How the Software Is Made — bennherrera.dev

I wrote this for a team of very smart but very young colleagues at a startup where I worked. The postscript, added in February 2026, addresses its direct relevance to current developments regarding AI.

Brief

In any software project at any stage of development the single attribute most correlated with velocity is the speed with which constructive changes can be made. It does not matter what condition the code base is in. It does not matter how far it needs to go. If your team can iterate quickly they can get it done. The inverse is also true. Regardless of all other factors, high barriers to iteration lead to inescapably low velocity.
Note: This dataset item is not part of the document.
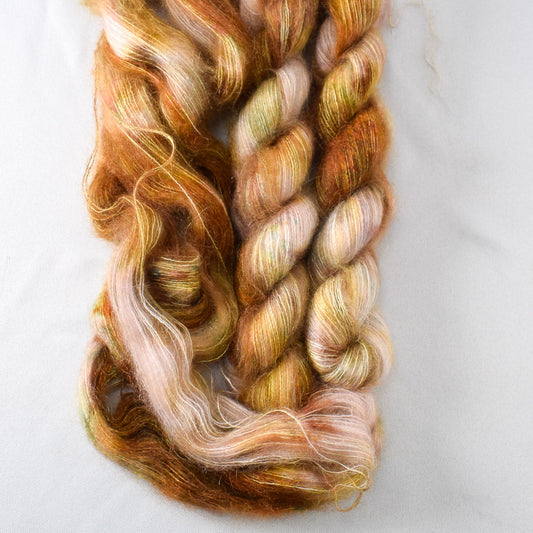 Rangeland - Miss Babs Moonglow yarn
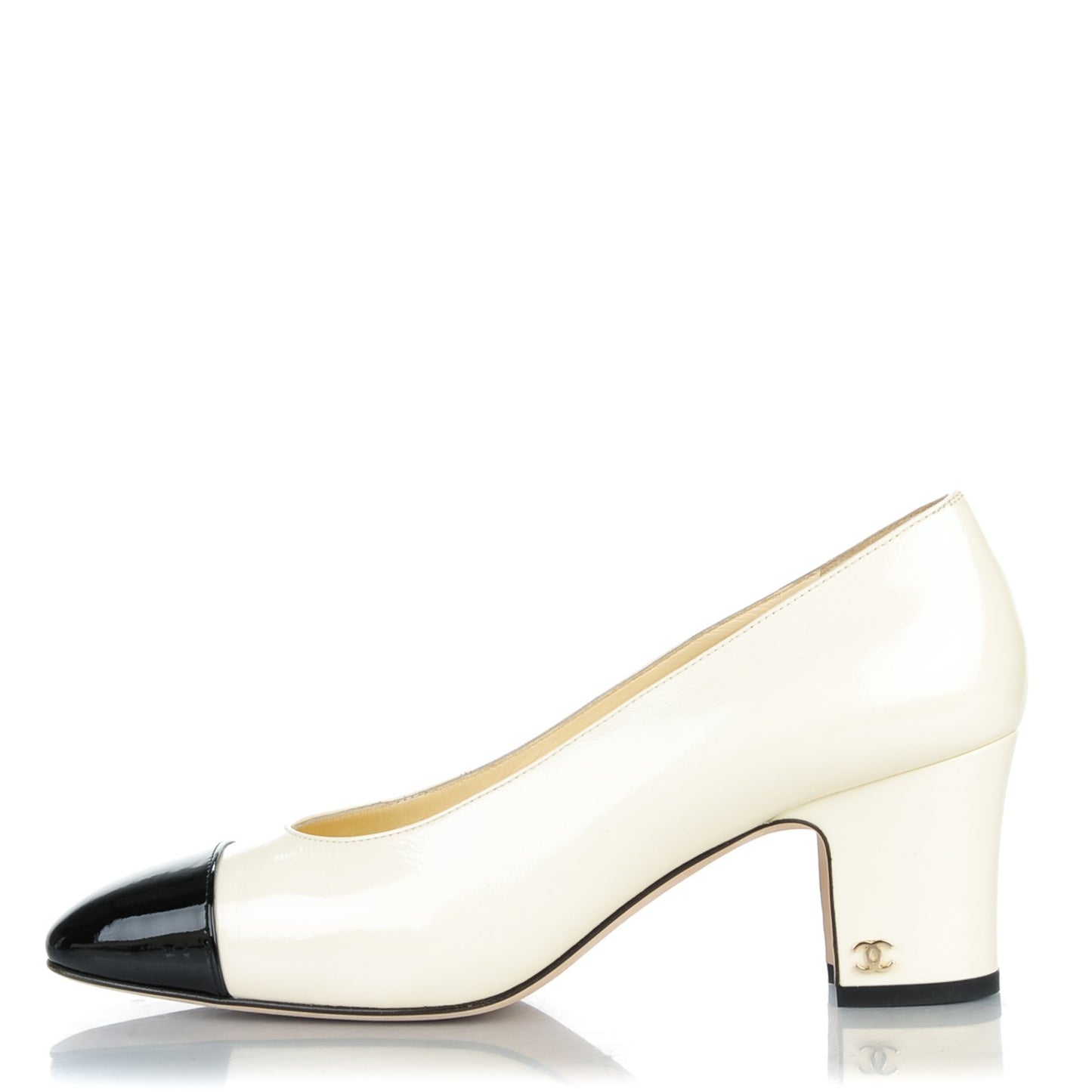 Patent Calfskin CC Cap Toe Low Heel Pumps 39 White Black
Terms and Conditions Apply

Velocity

Velocity is the rate at which high quality features, improvements, and fixes can be incorporated into a project and delivered to its consumers. High velocity allows a team to capitalize on an opportunity within the window of maximum advantage. Low velocity leads to repeated “near miss” and “too little, too late” outcomes.

Constructive Change

A constructive change has three qualities

Makes at least one thing better
Doesn’t make other things worse
Can reasonably demonstrate that 1 and 2 are not dirty lies

Iteration

Development iteration is a nested loop. The inner loop is the IC’s local development work. The middle loop is delivering encapsulated chunks of that work to the project at large with the outer loop being delivery to the consumers.

The Inner Loop

The inner loop is the developer’s local modify → build^† → debug cycle plus whatever local runs of the automated tests they do to validate their work.

The Middle Loop

The middle loop is the process required for getting a body of changes off of a developer’s machine to a context where it affects other people. That means it will be used or built on by others in the course of their work. In most of our projects this is done by merging a PR from a working branch to main, with initial exposure being our internal ‘develop’ environment.

The Outer Loop

The outer loop is the process required for hardening, validation (internal and possibly 1st party), and publication of software for use by the target audience.
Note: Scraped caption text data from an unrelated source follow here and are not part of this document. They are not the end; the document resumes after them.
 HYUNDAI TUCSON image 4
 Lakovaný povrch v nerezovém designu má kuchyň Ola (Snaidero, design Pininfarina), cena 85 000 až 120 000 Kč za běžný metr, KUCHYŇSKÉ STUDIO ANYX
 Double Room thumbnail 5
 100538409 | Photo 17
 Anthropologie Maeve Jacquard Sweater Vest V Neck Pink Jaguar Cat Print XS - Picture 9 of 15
And Ever the Twain Must Meet

When balancing speed vs. quality the consequences of error must be weighed against those of tardiness. This is true at each stage where iteration occurs, from a developer’s local edit to shipping a release candidate. Most companies’ ultimate delivery risks fall within the realm of bugs leading to aggravated clients and delays resulting in missed business opportunities. When it comes to catching windows of opportunity, speed is life.

Inner Loop Speed

Human working memory has a limited life span. When the inner loop has waits that exceed it people lose their train of thought. Repeated loss and re-acquisition of context is lethal to velocity. Any repeated machine-executed step that takes over 60 seconds is bad. Complete unit & integration test suites may take several minutes, but there must always be a way to isolate specific tests germane to the current task.
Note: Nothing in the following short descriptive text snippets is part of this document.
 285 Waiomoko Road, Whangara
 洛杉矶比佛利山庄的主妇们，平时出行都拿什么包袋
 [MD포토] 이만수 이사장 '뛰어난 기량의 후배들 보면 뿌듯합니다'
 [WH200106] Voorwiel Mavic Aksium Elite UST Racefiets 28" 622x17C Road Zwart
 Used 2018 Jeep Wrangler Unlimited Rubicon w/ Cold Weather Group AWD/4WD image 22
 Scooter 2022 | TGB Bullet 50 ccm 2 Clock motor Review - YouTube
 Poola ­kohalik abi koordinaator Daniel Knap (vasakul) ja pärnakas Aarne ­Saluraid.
Some points of reference from the engine project

It takes ~60 seconds for a complete scratch bootstrap & build from a fresh clone, ~40 seconds for a complete code rebuild, and 10-25 seconds for an incremental build depending on what changed^‡.
The full integration test suite takes 4 to 5 minutes, but any single test can be run and debugged in isolation.

Middle and Outer Loop Speed

These processes must be efficient, reliable, and flexible in the face of exigent circumstances.

CI Testing

One of the best contributors to greater velocity and reduced stress is the nice, warm security blanket of high test coverage running on CI. Unit tests are generally not enough. Reaching 100% coverage in a manner that is also 100% consistent with deployed or integrated usage is a very high bar that leads to expensive diminishing returns. Integration tests are a great accelerator of reliability. Nothing reals[sic] quite like reality. Testing under running conditions allows for internal validation checks to provide the additional service of driving automated test results as well as deployed runtime safety.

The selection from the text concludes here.